→ **Task objective**:
Restate word for word only the lines running from the one with "NUVO Family Sabun" to the end of the data, both ends included. Omit any pictures.

→ **Recorded data**:
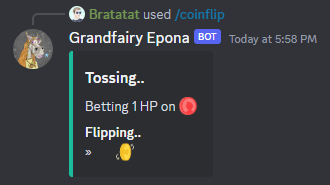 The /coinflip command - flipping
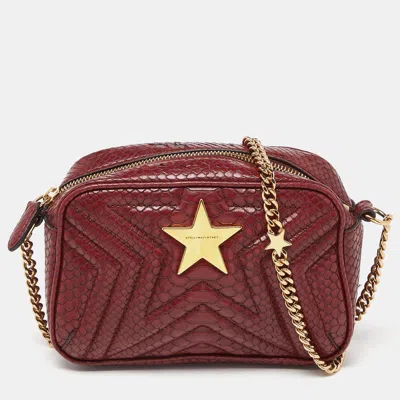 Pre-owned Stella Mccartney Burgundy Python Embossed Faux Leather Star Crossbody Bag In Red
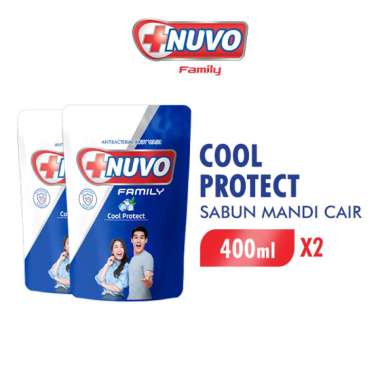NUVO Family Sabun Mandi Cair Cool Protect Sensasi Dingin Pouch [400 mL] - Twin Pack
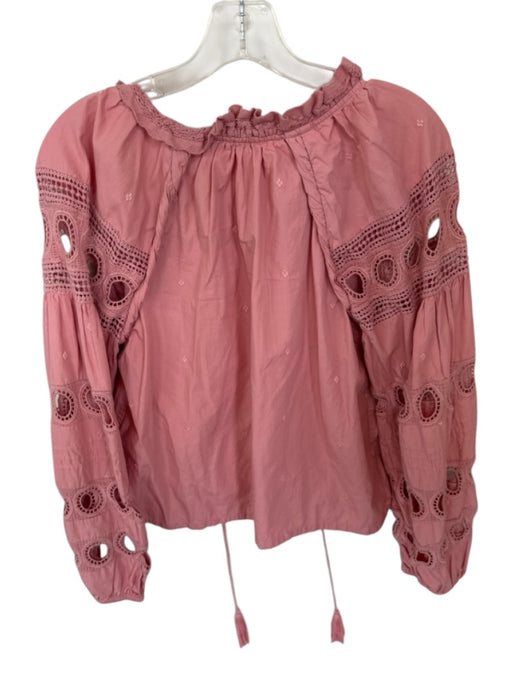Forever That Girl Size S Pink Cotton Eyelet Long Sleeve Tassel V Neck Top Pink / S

→ **Response to the task**:
NUVO Family Sabun Mandi Cair Cool Protect Sensasi Dingin Pouch [400 mL] - Twin Pack
Forever That Girl Size S Pink Cotton Eyelet Long Sleeve Tassel V Neck Top Pink / S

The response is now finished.